CTA can provide immediate noninvasive diagnosis by visualizing the entire GI tract. In a retrospective analysis of lower endoscopy versus CTA by Clerc et al, median time to CTA was 3 hours for CTA versus 22 hours for lower endoscopy; active bleeding was identified in 31% with CTA versus 15% with lower endoscoy; and a nonactively bleeding source was found by CTA in 22% versus 31% for lower endoscopy. The authors noted that for postinterventional bleeding, urgent lower endoscopy is advocated, but for other causes of lower GI bleeding, CTA was efficient and more available than colonoscopy. ^[25]

Radiologic intervention

Two transcatheter methods for the treatment of GI bleeding include vasopressin infusion and embolization. Superselective embolization has become more accepted. ^{[26, 27, 28, 29]}

Vasopressin infusion causes vasoconstriction of the small arteries, arterioles, and capillaries, and it has been used for both upper and lower GI bleeds. ^[28] The rate of successful control of bleeding has been reported to be 70-90%. The repeat bleeding rate is reported to be 17-27%.

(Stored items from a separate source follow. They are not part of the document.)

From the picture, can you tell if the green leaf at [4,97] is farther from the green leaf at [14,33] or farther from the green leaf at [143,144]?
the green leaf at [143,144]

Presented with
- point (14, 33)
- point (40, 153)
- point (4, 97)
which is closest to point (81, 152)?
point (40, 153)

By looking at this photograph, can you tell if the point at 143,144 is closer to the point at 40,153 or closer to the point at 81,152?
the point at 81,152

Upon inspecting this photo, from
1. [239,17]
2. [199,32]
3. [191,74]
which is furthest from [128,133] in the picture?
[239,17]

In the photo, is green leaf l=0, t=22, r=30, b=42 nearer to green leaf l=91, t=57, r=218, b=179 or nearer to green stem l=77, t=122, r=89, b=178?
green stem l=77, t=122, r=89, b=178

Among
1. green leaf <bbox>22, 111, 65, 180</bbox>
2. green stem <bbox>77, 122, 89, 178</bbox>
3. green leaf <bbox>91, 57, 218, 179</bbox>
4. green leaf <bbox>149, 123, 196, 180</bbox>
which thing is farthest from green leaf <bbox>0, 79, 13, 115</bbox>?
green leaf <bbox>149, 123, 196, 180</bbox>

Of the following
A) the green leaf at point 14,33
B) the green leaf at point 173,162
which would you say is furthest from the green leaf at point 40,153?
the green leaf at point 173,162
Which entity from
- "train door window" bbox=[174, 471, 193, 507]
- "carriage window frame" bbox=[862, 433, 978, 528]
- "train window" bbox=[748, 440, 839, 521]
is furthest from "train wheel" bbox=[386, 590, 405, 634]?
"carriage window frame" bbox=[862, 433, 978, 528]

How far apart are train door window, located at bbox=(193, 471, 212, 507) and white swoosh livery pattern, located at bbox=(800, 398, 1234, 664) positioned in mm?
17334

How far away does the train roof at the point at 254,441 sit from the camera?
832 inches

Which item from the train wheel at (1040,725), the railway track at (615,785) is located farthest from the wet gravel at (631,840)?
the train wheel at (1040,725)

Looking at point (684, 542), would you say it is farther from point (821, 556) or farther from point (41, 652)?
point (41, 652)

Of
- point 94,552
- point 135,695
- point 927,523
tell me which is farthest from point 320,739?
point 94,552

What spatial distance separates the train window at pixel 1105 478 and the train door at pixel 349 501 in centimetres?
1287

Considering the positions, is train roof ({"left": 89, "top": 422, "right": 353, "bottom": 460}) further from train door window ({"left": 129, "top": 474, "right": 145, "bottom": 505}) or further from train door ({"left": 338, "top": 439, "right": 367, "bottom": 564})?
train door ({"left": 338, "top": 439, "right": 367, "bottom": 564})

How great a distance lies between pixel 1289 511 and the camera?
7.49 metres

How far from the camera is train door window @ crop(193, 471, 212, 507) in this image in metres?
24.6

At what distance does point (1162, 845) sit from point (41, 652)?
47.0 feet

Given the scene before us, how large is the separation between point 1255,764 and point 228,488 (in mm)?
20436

The infusion is started with the catheter in the main trunk of the mesenteric artery that is the cause of bleeding. The initial rate is 0.2 U/min. A follow-up angiogram is obtained after about 30 minutes. In cases of active hemorrhage, the rate is increased to 0.4 U/min. Higher rates are not recommended, because the potential complications from vasoconstriction can exceed the benefits. The infusion is tapered at 6- to 12-hour intervals and then stopped if no further bleeding ensues.

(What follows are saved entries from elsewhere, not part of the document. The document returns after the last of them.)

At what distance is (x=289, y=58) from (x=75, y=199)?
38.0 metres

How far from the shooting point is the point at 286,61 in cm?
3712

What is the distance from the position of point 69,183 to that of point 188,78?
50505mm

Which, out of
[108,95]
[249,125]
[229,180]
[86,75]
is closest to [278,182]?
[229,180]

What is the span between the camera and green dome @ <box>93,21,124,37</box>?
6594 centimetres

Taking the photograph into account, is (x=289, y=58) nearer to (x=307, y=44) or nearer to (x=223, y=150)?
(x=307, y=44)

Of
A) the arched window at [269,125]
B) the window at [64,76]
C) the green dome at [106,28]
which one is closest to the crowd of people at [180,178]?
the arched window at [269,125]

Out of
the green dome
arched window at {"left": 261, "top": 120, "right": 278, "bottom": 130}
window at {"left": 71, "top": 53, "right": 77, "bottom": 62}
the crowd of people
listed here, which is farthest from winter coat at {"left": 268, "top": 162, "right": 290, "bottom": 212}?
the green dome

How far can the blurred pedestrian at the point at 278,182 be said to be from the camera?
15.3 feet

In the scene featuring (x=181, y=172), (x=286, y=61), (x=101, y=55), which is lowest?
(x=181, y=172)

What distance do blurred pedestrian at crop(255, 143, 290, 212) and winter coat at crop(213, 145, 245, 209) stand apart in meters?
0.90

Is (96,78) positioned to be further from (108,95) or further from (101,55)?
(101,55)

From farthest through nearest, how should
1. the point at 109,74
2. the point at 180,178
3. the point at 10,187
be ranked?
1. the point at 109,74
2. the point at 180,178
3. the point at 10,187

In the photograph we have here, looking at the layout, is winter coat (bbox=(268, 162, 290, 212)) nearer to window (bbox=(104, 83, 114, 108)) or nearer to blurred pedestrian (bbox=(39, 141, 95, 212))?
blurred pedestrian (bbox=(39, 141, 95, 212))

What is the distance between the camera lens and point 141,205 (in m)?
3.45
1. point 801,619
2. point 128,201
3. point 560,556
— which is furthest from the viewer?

Complications of vasopressin infusion include myocardial ischemia, arrhythmia, hypertension, bowel ischemia, peripheral vascular ischemia, and antidiuretic effects. Because of significant rebleeding, variable success, the need for ICU monitoring, and the aforementioned adverse effects of the infusion, there has been renewed interest in embolization therapy. In fact, embolization has now become the preferred transcatheter therapy. Embolization also achieves immediate control of the bleeding, and ICU monitoring to the degree required with vasopressin infusion is avoided.

The aim of embolization is to decrease the arterial inflow so that the pressure at the bleeding site is decreased and hemostasis occurs. The important issue is to avoid devascularization of the tissues, which leads to ischemia and infarction. ^[30]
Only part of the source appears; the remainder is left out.